Some say quitting is tough, alternatives get tricky; ‘I smelled like scrambled eggs’
THE WALL STREET JOURNAL // JULY 11, 2022
It’s been more than two years since Laura Curtis-Moss last shampooed her hair.
Ms. Curtis-Moss is part of the “no poo” movement, a backlash against modern haircare. Making the switch takes serious commitment, with a few hair-raising weeks for converts and their families before the benefits start to shine through.
The 35-year-old environmental charity worker, who lives in Edinburgh, wanted to use less plastic, and her scalp had been feeling dry and sore. Remote working gave her a chance to experiment, and so she lathered up for a final time in early 2020, ahead of a job interview.
Then came the hard part. “It was pretty horrific at first,” recalled Rebs Curtis-Moss, her wife. “It looked greasy and unwashed for quite a few weeks.”
But Laura pushed on. About six months in, she realized her hair was stronger and softer than before—“probably in better condition than it ever had been,” she said.
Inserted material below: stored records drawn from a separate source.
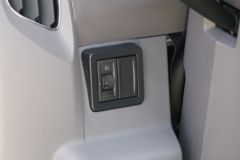 福田 奥铃EV 5.5T 单排纯电动轻卡底盘83.2kWh
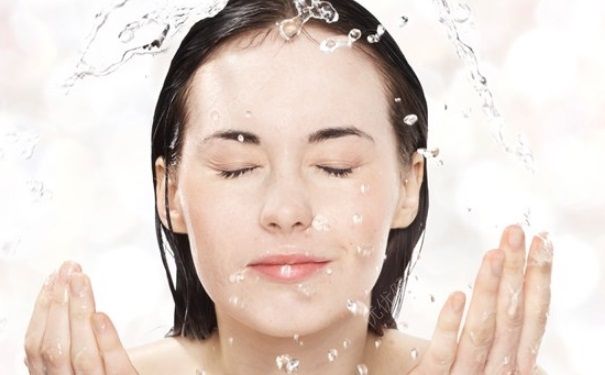 油性皮肤用什么产品去角质？油性皮肤怎么去角质？(1)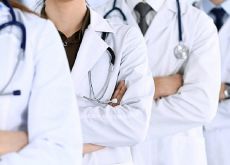 Bonus ai medici pubblici: 150 euro al mese
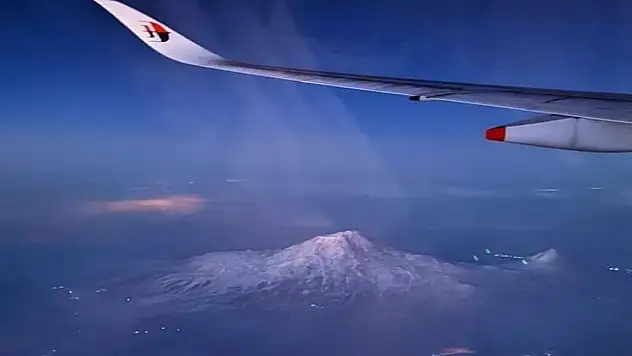 Uçaktan Ağrı Dağı manzarası nefes kesti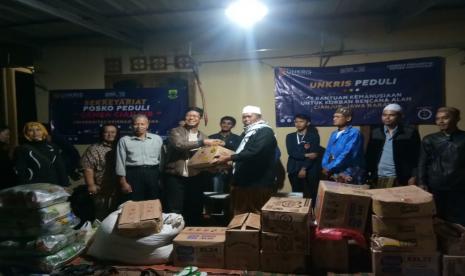  Rektor Universitas Krisnadwipayana (Unkris) Dr Ir Ayub Muktiono (bersalaman/kiri), secara simbolis menyerahkan bantuan kepada korban gempa Cianjur melalui pimpinan Ponpes Nurul Azhar, Kyai Saepul Bahri, sekaligus mendirikan Posko Peduli Gempa Cianjur di Kampung Cilenjang, Desa Sukamulya, Kecamatan Warungkondang, Cianjur.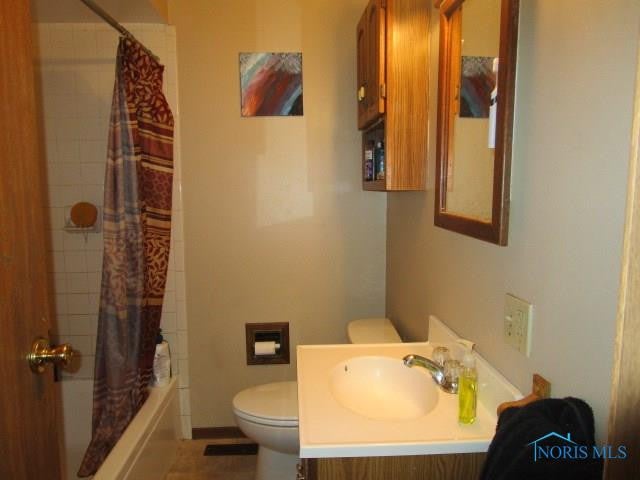 1831 Pilgrim Road Toledo, OH 43607 - Photo 5 of 7 Gallery Image 5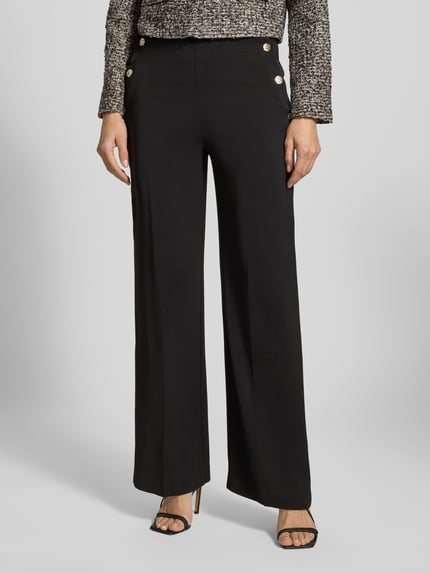 Vrouwenmodel draagt Stoffhose aus Viskose-Mix Modell 'Damai' van B.Young, zwarte wijde broek met knopen, elastische tailleband, vooraanzicht detailopname.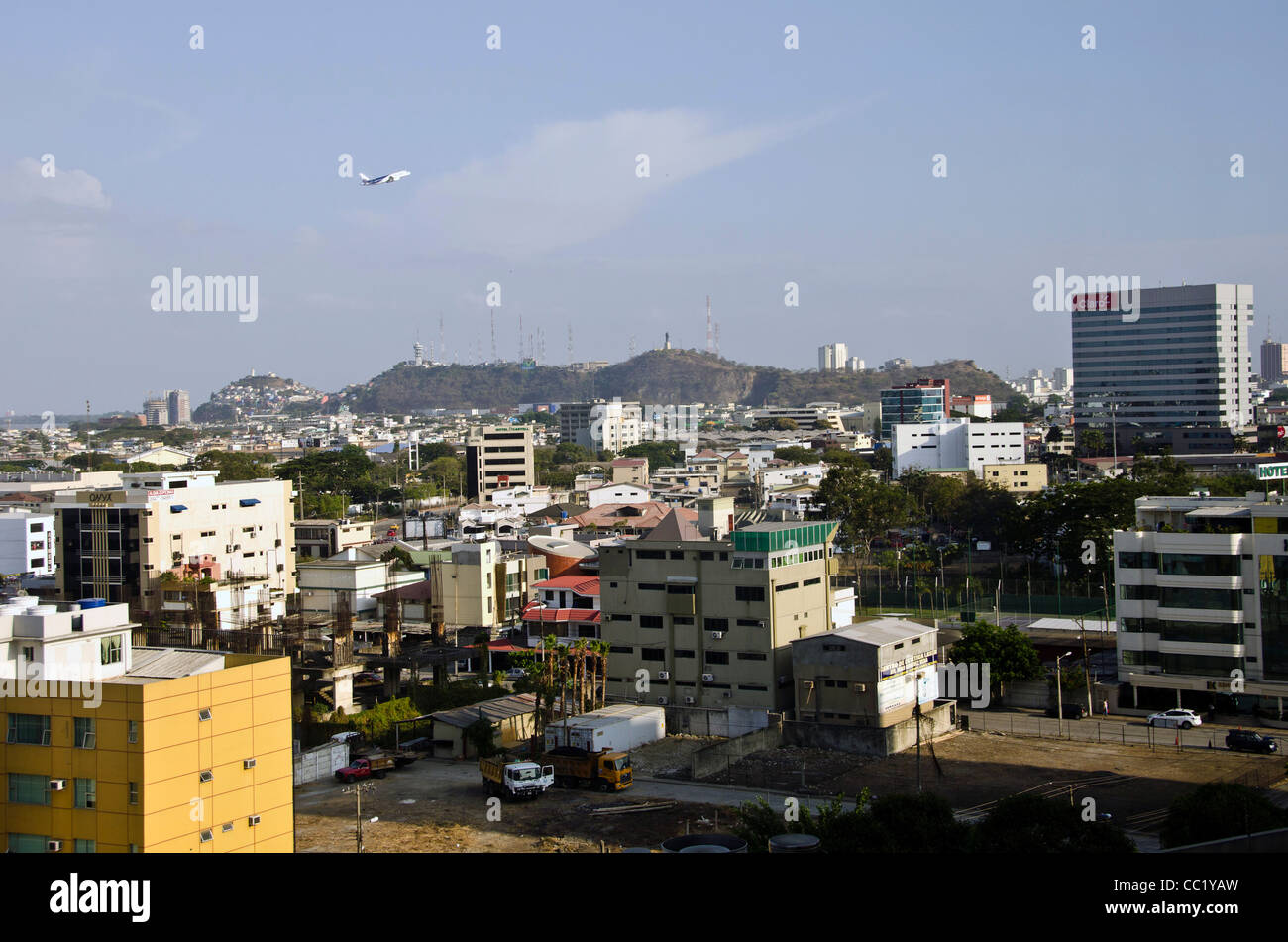 Quayaquil, Ecuador, centro città scenic aeroplano sopra di edifici per uffici Foto Stock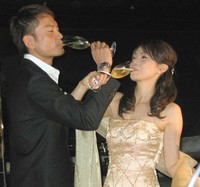 乾杯をする渡辺めぐみ（右）と星野芳徳＝2007年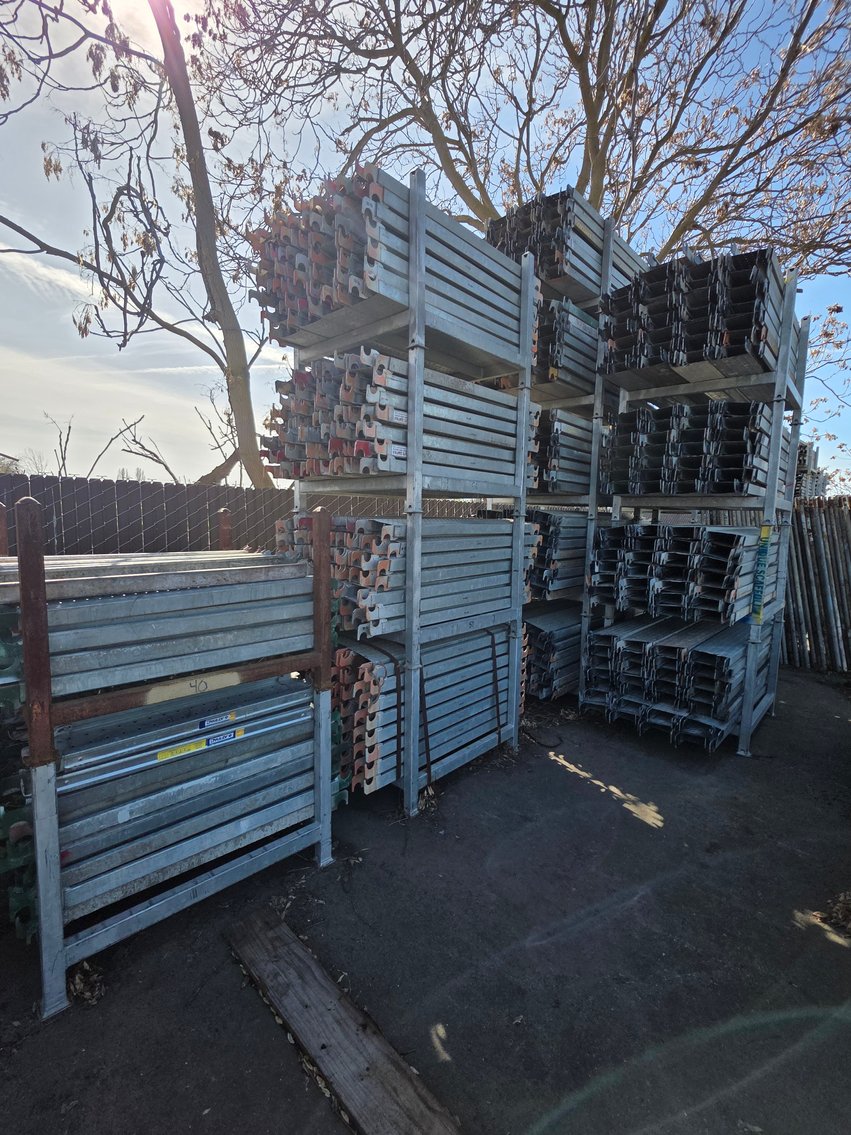 Image for Oakland CA: Scaffolding Equipment, DOOSAN 25 Forklift, Storage Building & Shipping Container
She now only washes with hot water, with an occasional vinegar rinse after working outdoors to get rid of campfire and other smells. Her wife hasn’t been converted and is content to use a shampoo bar to reduce plastic waste.
Many others have been drawn to the trend. The “NoPoo” subreddit has nearly 350,000 members who compare notes, share resources and support those struggling through the process. TikTok videos tagged #noshampoohave notched roughly 55 million views.
Glenda Folsom, a community coordinator at an elementary school in Pennsylvania, swears by using a $200 hair brush that she saved up for and two evenly beaten egg yolks to make her hair look fuller and shinier.
“I let it sit in my hair until it gets kind of gross,” the 40-year-old said, leaving it for several minutes. She separates the yolks beforehand, or she risks slow-cooking an egg in the hot water of the shower, because egg whites cook at relatively low temperatures.
But the results are worth it. After finishing by rinsing with apple cider vinegar, Ms. Folsom said, “I want to go out, leave town and go somewhere and show it off.”
Other alternative methods involving rice water, or chickpea or rye flour have proliferated.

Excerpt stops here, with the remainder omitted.